As of the census of 2000, there were 879 people, 344 households, and 258 families residing in the CDP. The population density was 159.4 PD/sqmi. There were 389 housing units at an average density of 70.5 /sqmi. The racial makeup of the CDP was 94.88% White, 0.34% Black or African American, 3.53% Native American, 0.23% Asian, 0.23% from other races, and 0.80% from two or more races. Hispanic or Latino of any race were 1.02% of the population.

There were 344 households, out of which 34.0% had children under the age of 18 living with them, 60.8% were married couples living together, 9.3% had a female householder with no husband present, and 25.0% were non-families. 20.3% of all households were made up of individuals, and 8.7% had someone living alone who was 65 years of age or older. The average household size was 2.55 and the average family size was 2.92.

In the CDP, the population was spread out, with 26.2% under the age of 18, 7.3% from 18 to 24, 28.8% from 25 to 44, 23.3% from 45 to 64, and 14.4% who were 65 years of age or older. The median age was 38 years. For every 100 females, there were 96.2 males. For every 100 females age 18 and over, there were 96.7 males.

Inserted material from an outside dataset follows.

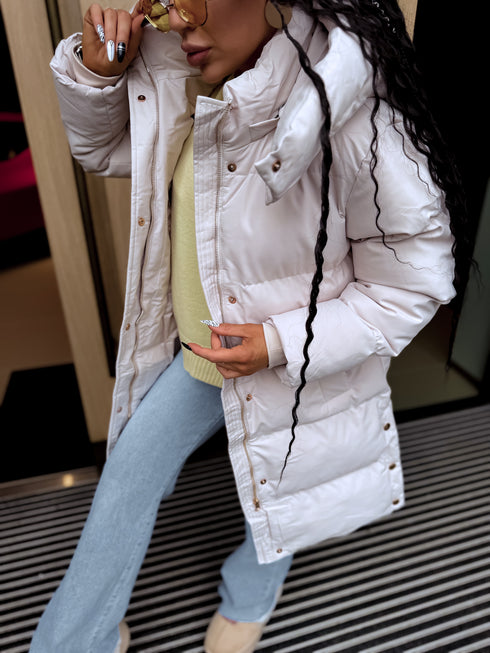 Pailginta striukė "STRIKE GOLD" FC7619 - ŠVIESI SMĖLIO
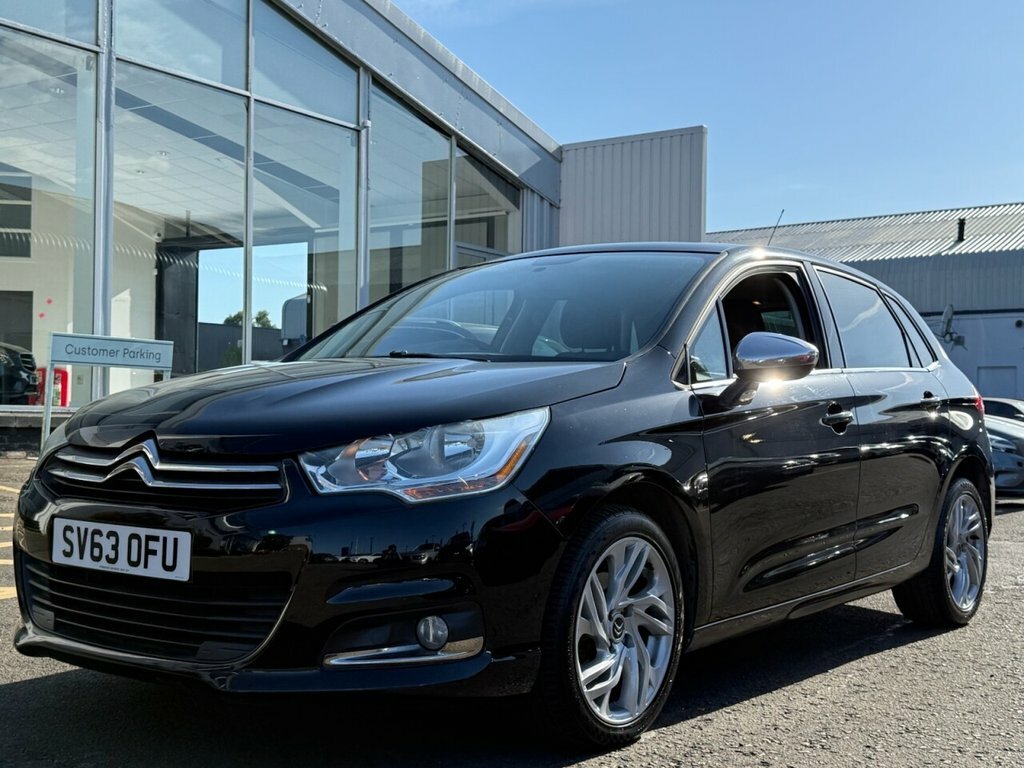 Citroen C4 1.6L Selection Black #3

The median income for a household in the CDP was $36,042, and the median income for a family was $37,857. Males had a median income of $35,469 versus $19,732 for females. The per capita income for the CDP was $15,968. About 8.9% of families and 9.9% of the population were below the poverty line, including 9.7% of those under age 18 and 10.2% of those age 65 or over.

Historical population
| Census | Pop. | Note | %± |
| 2020 | 920 |  | — |
U.S. Decennial Census

==Notable business==
The Incredible Dr. Pol is a Nat Geo Wild popular reality show that follows veterinarian Jan Pol, his family and employees, centered around his veterinarian office in Weidman.